Jacobson K A, Hoffmann C, Cattabeni F, Abbracchio M P
Molecular Recognition Section, Laboratory of Bioorganic Chemistry, National Institute of Diabetes and Digestive and Kidney Diseases, National Institutes of Health, Bethesda, Maryland 20892, USA.
Apoptosis. 1999 Jun;4(3):197-211. doi: 10.1023/a:1009666707307.

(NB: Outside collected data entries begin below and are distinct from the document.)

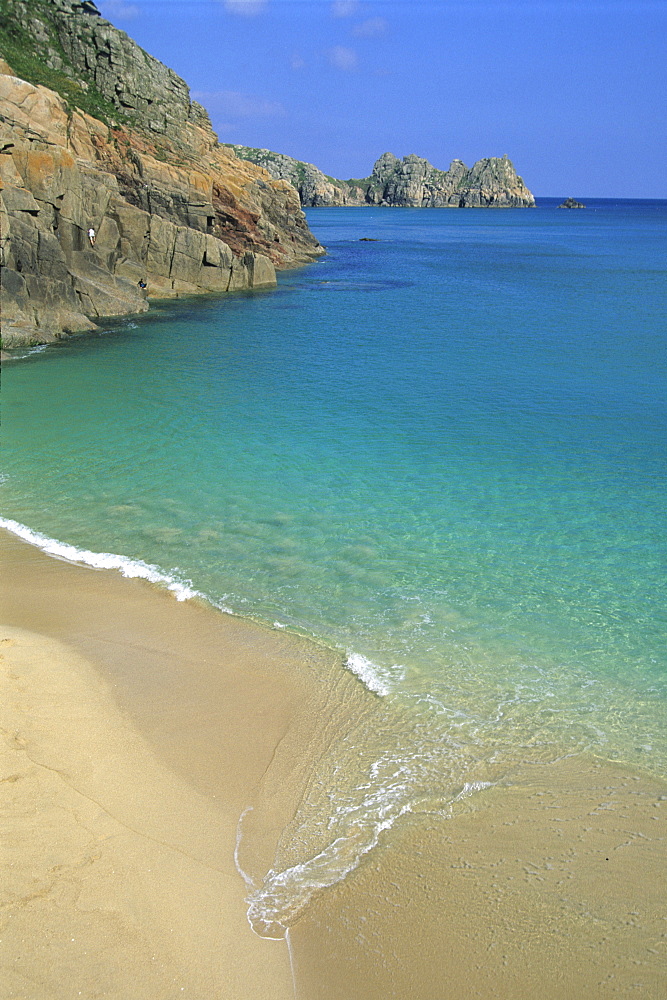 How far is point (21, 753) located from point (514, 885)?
5.17 meters

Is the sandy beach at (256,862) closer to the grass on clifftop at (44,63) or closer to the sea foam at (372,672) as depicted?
the sea foam at (372,672)

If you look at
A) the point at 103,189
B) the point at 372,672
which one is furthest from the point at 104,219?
→ the point at 372,672

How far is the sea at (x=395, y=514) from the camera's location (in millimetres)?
8781

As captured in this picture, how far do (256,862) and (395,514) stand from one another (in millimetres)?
9266

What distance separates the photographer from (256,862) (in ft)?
22.6

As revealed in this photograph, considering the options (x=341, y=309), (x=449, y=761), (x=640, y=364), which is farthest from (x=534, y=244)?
(x=449, y=761)

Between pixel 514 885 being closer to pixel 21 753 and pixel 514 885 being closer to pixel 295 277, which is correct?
pixel 21 753

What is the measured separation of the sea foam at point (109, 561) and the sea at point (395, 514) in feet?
0.21

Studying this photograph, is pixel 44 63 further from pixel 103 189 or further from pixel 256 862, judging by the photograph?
pixel 256 862

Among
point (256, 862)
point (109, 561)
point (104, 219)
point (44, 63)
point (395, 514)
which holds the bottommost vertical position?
point (109, 561)

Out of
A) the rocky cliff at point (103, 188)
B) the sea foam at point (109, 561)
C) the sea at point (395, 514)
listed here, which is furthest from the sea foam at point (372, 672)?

Adenosine modulates the proliferation, survival and apoptosis of many different cell types, ranging from epithelial, endothelial and smooth muscle cells, to cells of the immune and neural lineages. In this review, we critically discuss the available in vitro and in vivo data which support a role for adenosine in both development-associated apoptosis, and in diseases characterized by either pathologically increased cell death (e.g., ischemia, trauma and aging-associated neurodegeneration) or abnormally reduced spontaneous apoptosis (e.g., cancer). Particular emphasis is given to the possible role of extracellular adenosine receptors, since these may represent novel and attractive molecular targets for the pharmacological modulation of apoptosis. In some instances, adenosine-induced cell death has been demonstrated to require entry of the nucleoside inside cells; however, in many other cases, activation of specific adenosine extracellular receptors has been demonstrated. Of the four G protein-coupled adenosine receptors so far identified, the A2A and the A3 receptors have been specifically implicated in modulation of cell death. For the A3 receptor, results obtained by exposing both cardiomyocytes and brain astrocytes to graded concentrations of selective agonists suggest induction of both cell protection and cell death. Such opposite effects, which likely depend on the degree of receptor activation, may have important therapeutic implications in the pharmacological modulation of cardiac and brain ischemia. For the A2A receptor, recent intriguing data suggest a specific role in immune cell death and immunosuppression, which may be relevant to both adenosine-deaminase-immunodeficiency syndrome (a pathology characterized by accumulation of adenosine to toxic levels) and in tumors where induction of apoptosis via activation of specific extracellular receptors may be desirable. Finally, preliminary data suggest that, in a similar way to the adenosine-deaminase-immunodeficiency syndrome, the abnormal accumulation of adenosine in degenerative muscular diseases may contribute to muscle cell death. Although the role of adenosine receptors in this effect still remains to be determined, these data suggest that adenosine-induced apoptosis may also represent a novel pathogenic pathway in muscular dystrophies.
腺苷可调节许多不同类型细胞的增殖、存活和凋亡,这些细胞类型包括上皮细胞、内皮细胞和平滑肌细胞,以及免疫和神经谱系的细胞。在本综述中,我们批判性地讨论了现有的体外和体内数据,这些数据支持腺苷在与发育相关的凋亡以及以病理性细胞死亡增加(如缺血、创伤和衰老相关的神经退行性变)或自发性凋亡异常减少(如癌症)为特征的疾病中所起的作用。我们特别强调细胞外腺苷受体的可能作用,因为它们可能代表了用于凋亡药理学调节的新型且有吸引力的分子靶点。在某些情况下,已证明腺苷诱导的细胞死亡需要核苷进入细胞内;然而,在许多其他情况下,已证明特定的细胞外腺苷受体被激活。在迄今已鉴定的四种G蛋白偶联腺苷受体中,A2A和A3受体已被明确牵涉到细胞死亡的调节中。对于A3受体,通过将心肌细胞和脑星形胶质细胞暴露于分级浓度的选择性激动剂所获得的结果表明,它既能诱导细胞保护又能诱导细胞死亡。这种可能取决于受体激活程度的相反作用,可能在心脏和脑缺血的药理学调节中具有重要的治疗意义。对于A2A受体,最近有趣的数据表明它在免疫细胞死亡和免疫抑制中具有特定作用,这可能与腺苷脱氨酶免疫缺陷综合征(一种以腺苷积累至毒性水平为特征的病理学)以及肿瘤相关,在肿瘤中通过激活特定的细胞外受体诱导凋亡可能是可取的。最后,初步数据表明,与腺苷脱氨酶免疫缺陷综合征类似,腺苷在退行性肌肉疾病中的异常积累可能导致肌肉细胞死亡。尽管腺苷受体在这种作用中的角色仍有待确定,但这些数据表明腺苷诱导的凋亡也可能代表肌营养不良症中的一种新的致病途径。